After data have been obtained through questionnaires, interviews, observation or secondary sources, they need to be edited. The blank responses, if any, have to be handled in some way; the data then have to be coded, and a categorisation scheme has to be set up. The data will then have to be keyed in, and a software program used to analyse the data.


Data have to be edited, especially when they relate to responses to open-ended questions of interviews and questionnaires, or unstructured observations. In other words, information that may have been written down in a hurry by the interviewer, observer or respondent must be clearly deciphered so that it may be coded systematically in its entirety. Lack of clarity at this stage will result in later confusion.

Therefore it is recommended that such editing should be done on the very same day that the data are collected so that the respondents (if not anonymous) may be contacted for any further information or clarification, as needed. The edited data should be identifiable through the use of a different colour pencil or ink so that the original information is still available in case of later doubts.

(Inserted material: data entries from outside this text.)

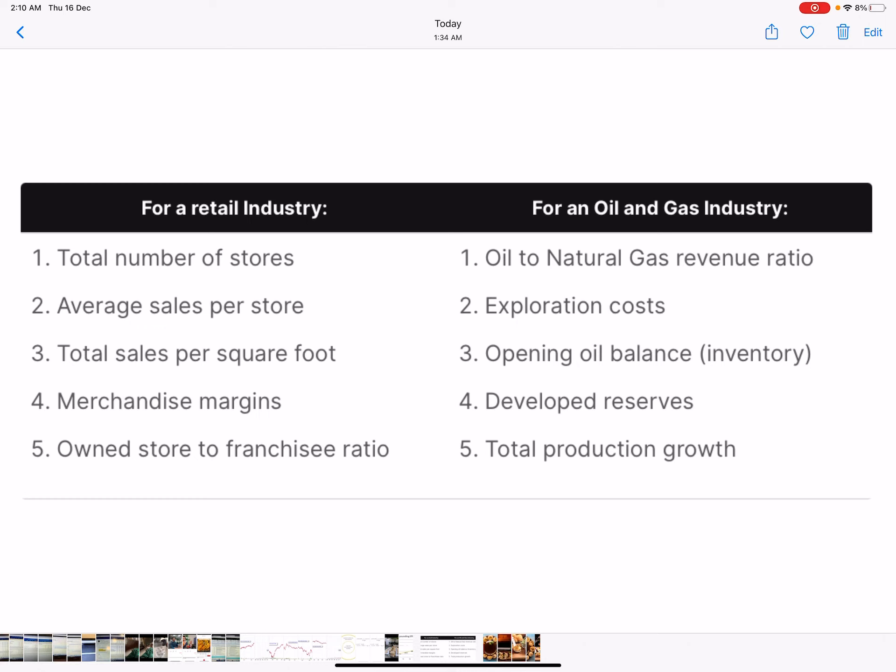For oil and gas industry: oil to natural gas revenue ratio, exploration costs, opening oil balance, developed reserves, total production growth.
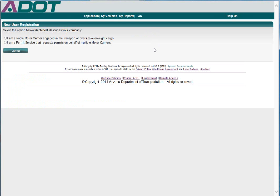Next, select the option: I am a permit service that requests permits on behalf of multiple motor carriers.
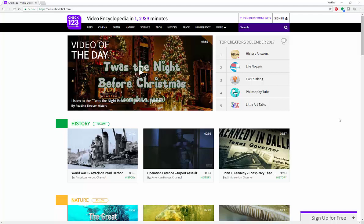Hello everyone, my name is Heather and this is my YouTube channel. Today I'm going to be telling you about a video tool called Check123. Check123 is a video encyclopedia where you can find videos on a variety of topics for class, for research, to back up a presentation, whatever you might want, in short videos lasting one, two, and three minutes.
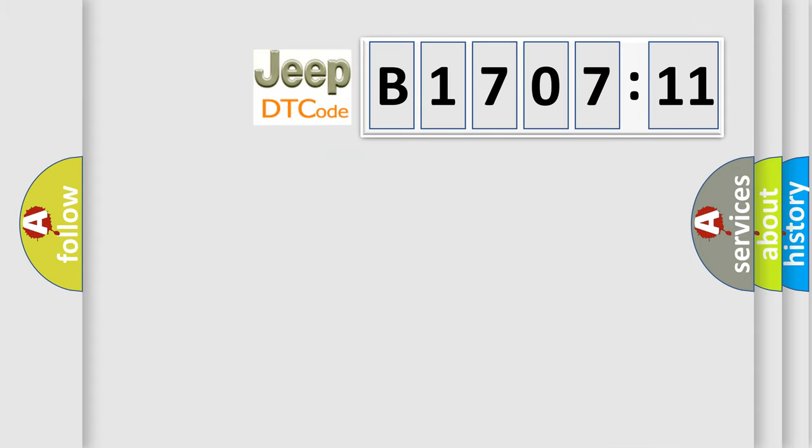So, what does the diagnostic trouble code B170711 interpret specifically for Jeep car manufacturers?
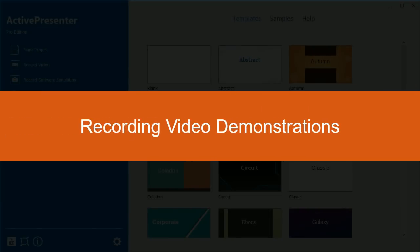Hello everyone! In this video, we'll learn how to record a video demonstration.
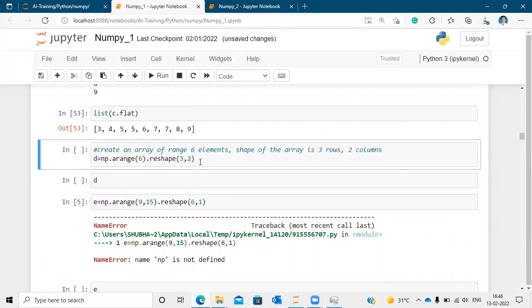I will create an array with a range of 6. We will make an array of rows. We will reshape it. We will make 3 rows and 2 columns.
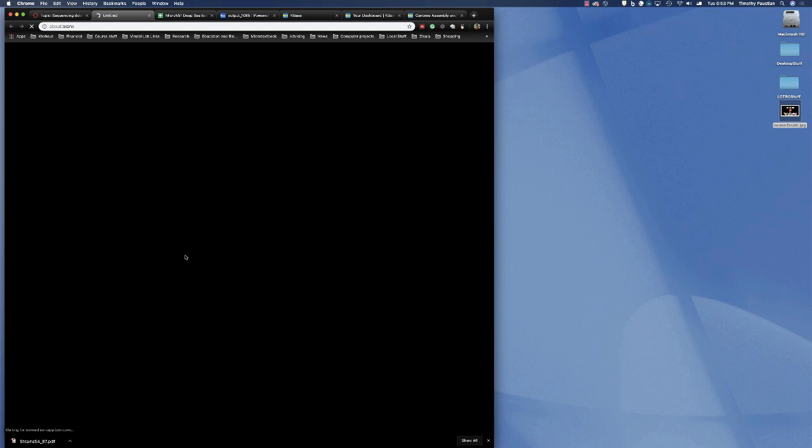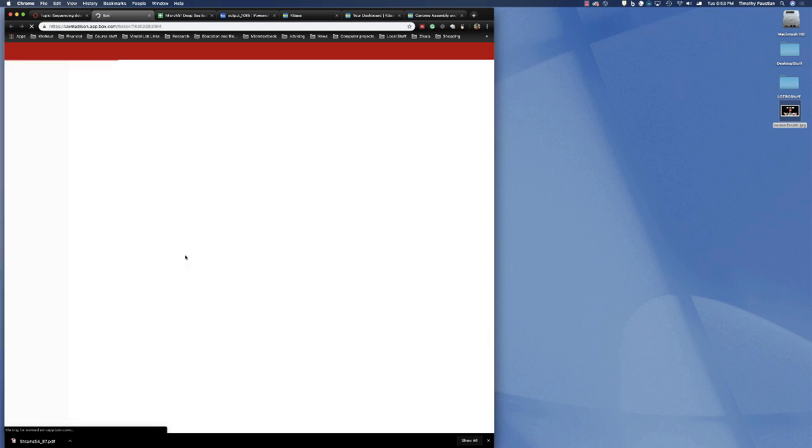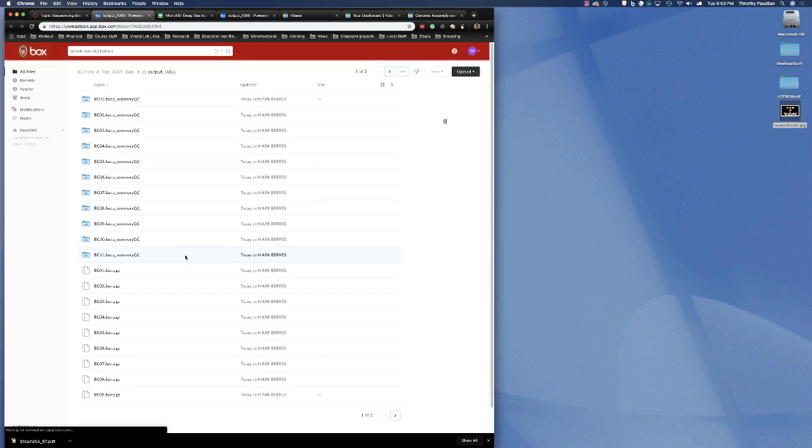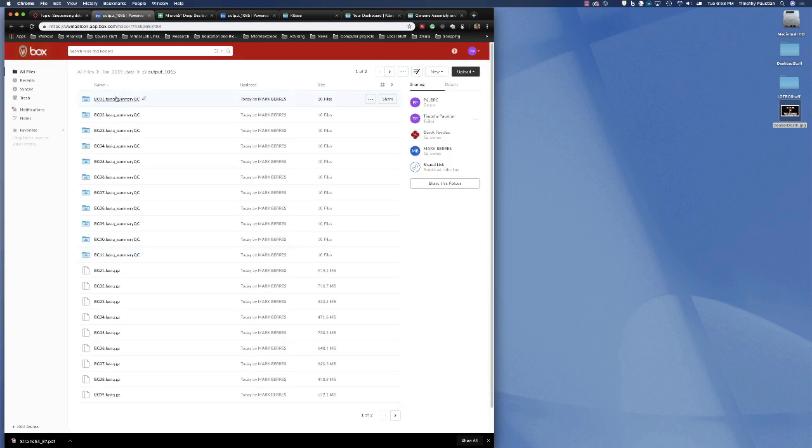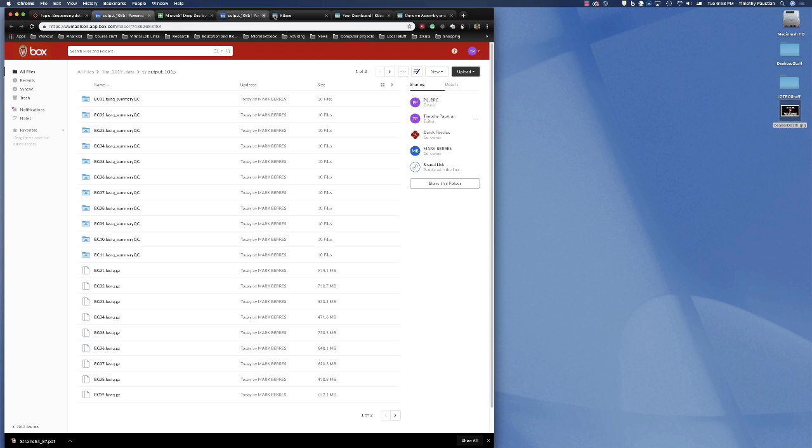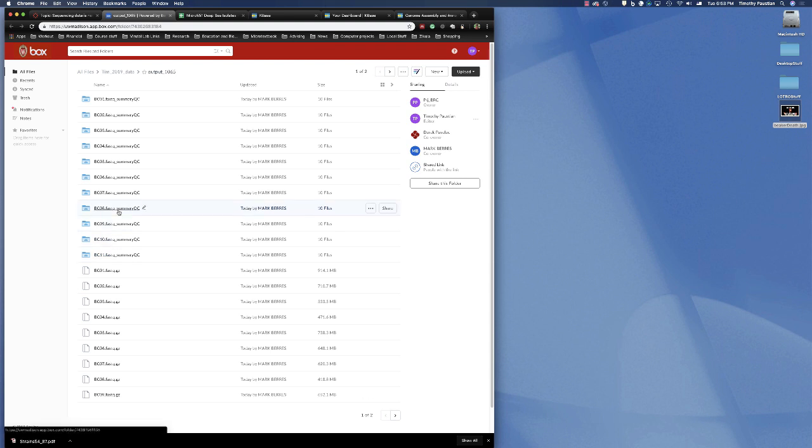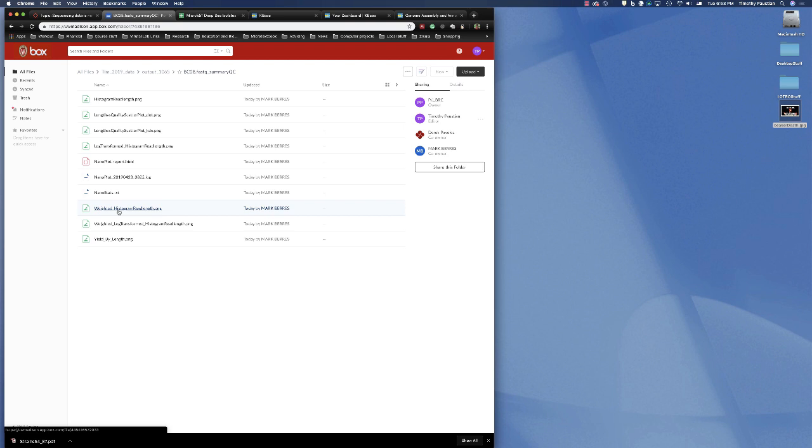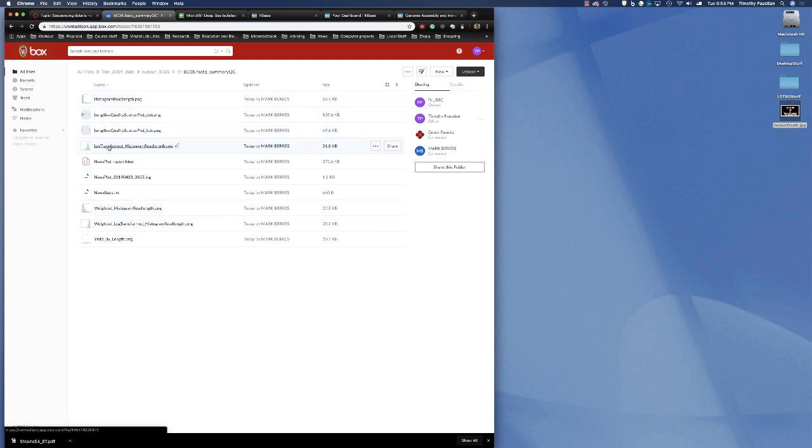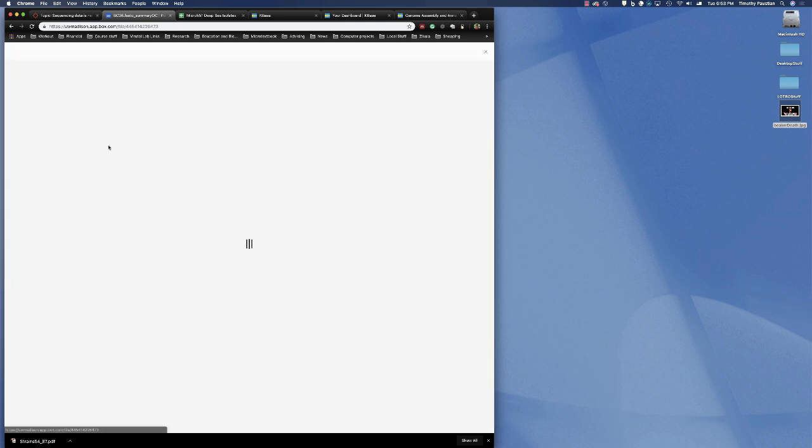So we'll go to our special box account. And we open up the box account. And here is all of the data. So, if you look into the summary files, let's do BC08. And it will show you a bunch of different read lengths, different diagrams. Lots of them will give you information about them.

Incoming mailed questionnaire data have to be checked for incompleteness and inconsistencies by designated members of the research staff. Inconsistencies that can be logically corrected should be rectified and edited at this stage. For instance, the respondent might have inadvertently neglected to answer the item on a questionnaire about her marital status. Against the column asking for the number of years married, she might have responded 12 years; in the number of children column, she might have marked 2, and for ages of children, she might have answered 8 and 4. The latter three responses would indicate that the respondent is in all probability married. The unanswered response to the marital status question could then be edited by the researcher to read 'yes'. It is possible, however, that the respondent deliberately omitted responding to the item because she is either a recent widow or has just been separated, or for some other reason. If such is the case, we would be introducing a bias in the data by editing the data to read 'yes'. Hence, whenever possible it is better to follow up with the respondent and get the correct data while editing.


Once all the Data is entered, the next step is to code the responses. Using scanner sheets for collecting questionnaire data; such sheets facilitate entry of the responses directly into the computer without manually keying data. However, if for some reason this cannot be done, then it is perhaps better a coding sheet first to transcribe the data from the questionnaire and then key data.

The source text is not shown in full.